- Exercise: Copy out and return the lines from the one holding "Sainsbury's Dried Pineapple 30g" to the end of the listing below, both included, omitting the pictures.

[Start of Attachment]

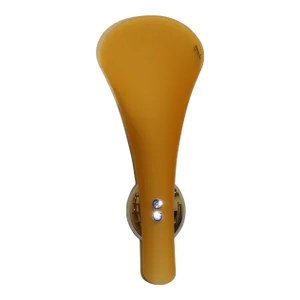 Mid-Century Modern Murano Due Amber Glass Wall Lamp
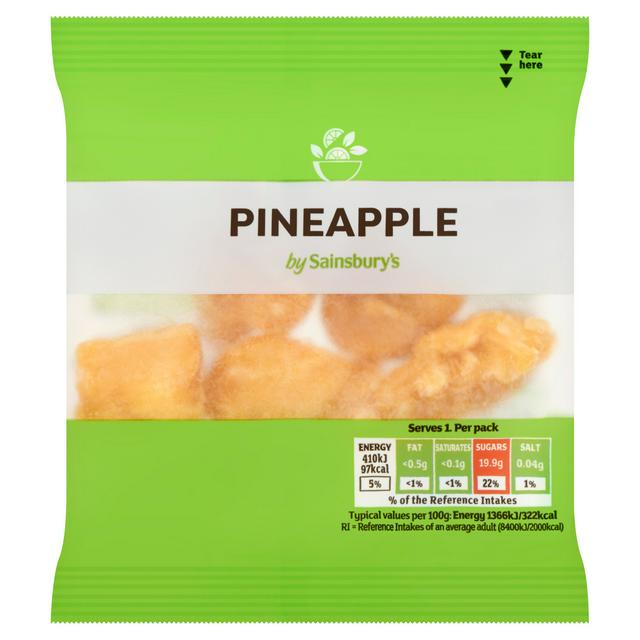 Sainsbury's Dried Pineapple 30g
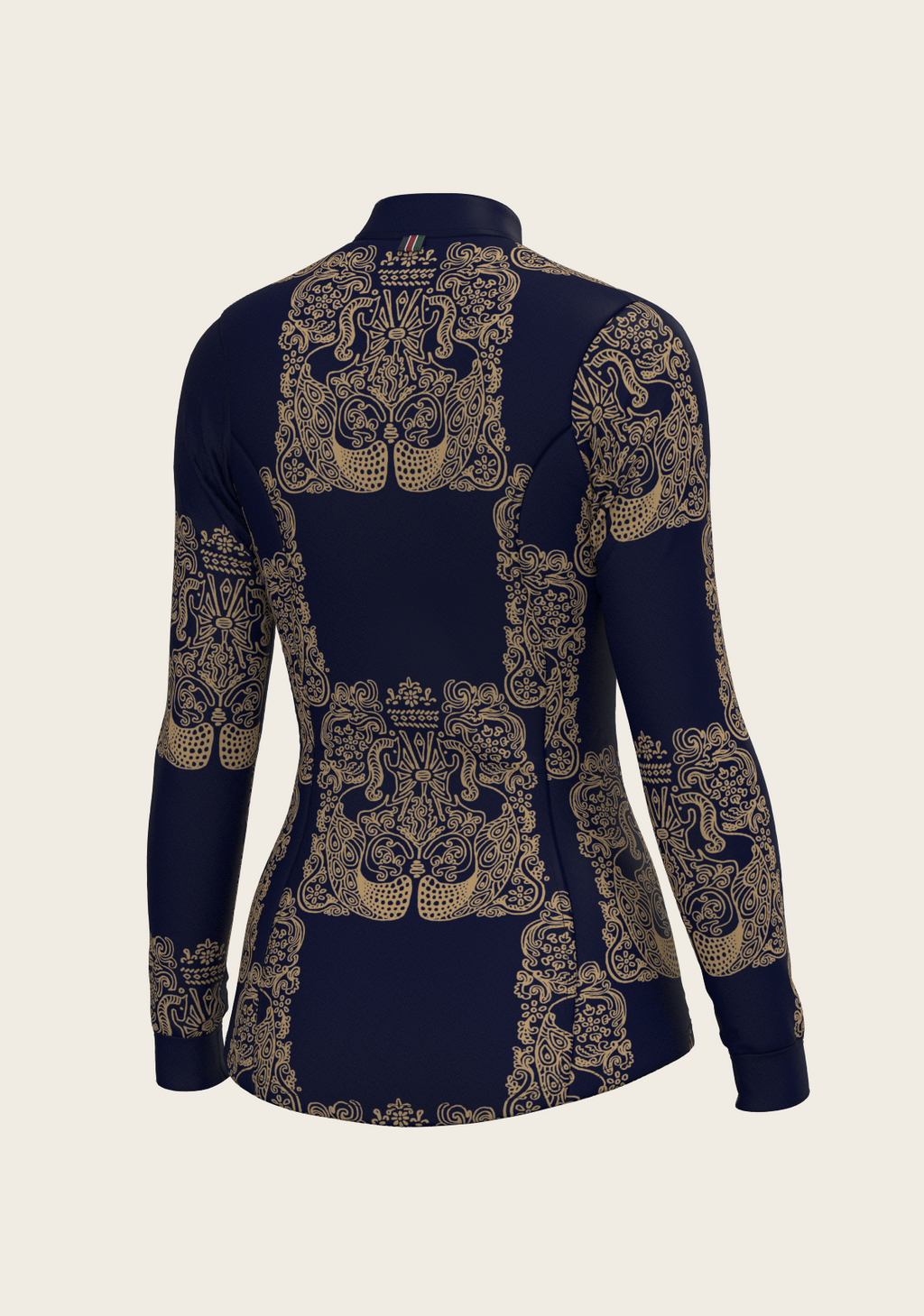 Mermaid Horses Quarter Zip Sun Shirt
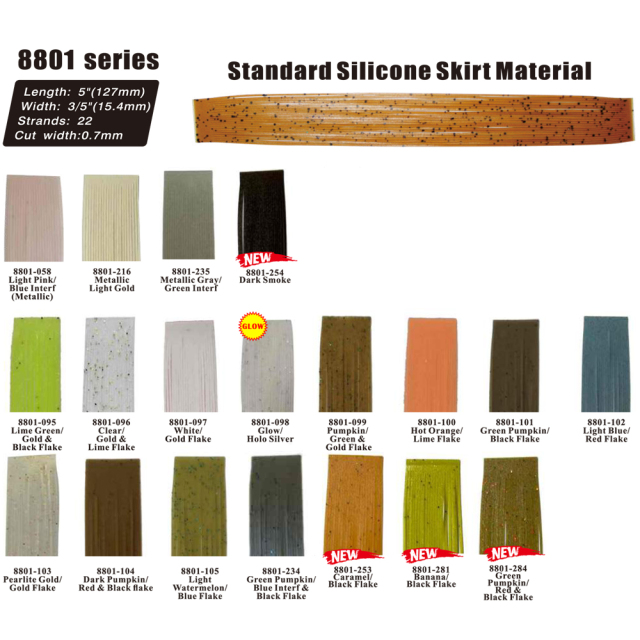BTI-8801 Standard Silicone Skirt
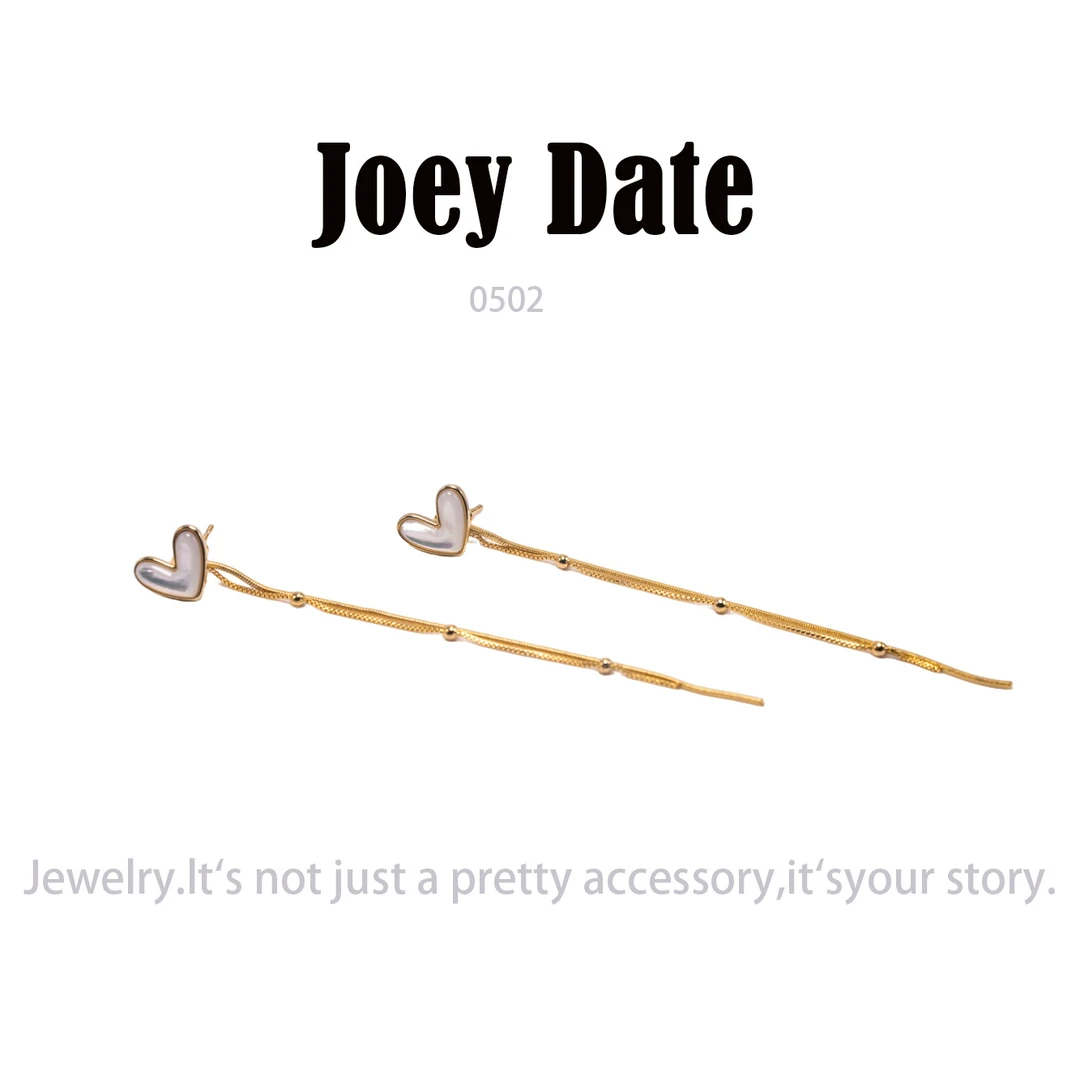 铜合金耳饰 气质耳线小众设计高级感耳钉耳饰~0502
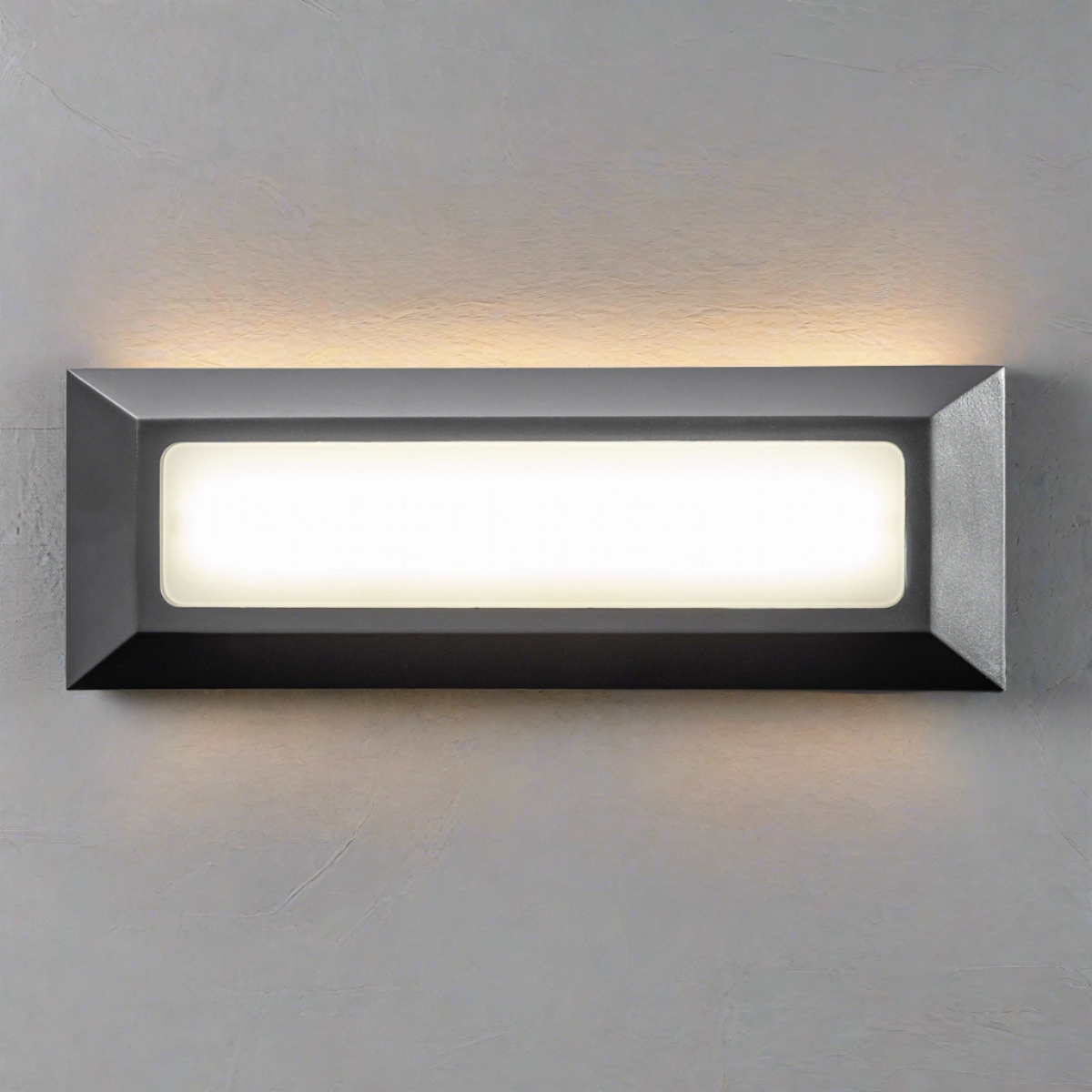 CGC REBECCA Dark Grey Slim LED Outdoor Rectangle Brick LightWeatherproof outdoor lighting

[End of Attachment]

- Solution to this task:
 Sainsbury's Dried Pineapple 30g
 Mermaid Horses Quarter Zip Sun Shirt
BTI-8801 Standard Silicone Skirt
 铜合金耳饰 气质耳线小众设计高级感耳钉耳饰~0502
 CGC REBECCA Dark Grey Slim LED Outdoor Rectangle Brick LightWeatherproof outdoor lighting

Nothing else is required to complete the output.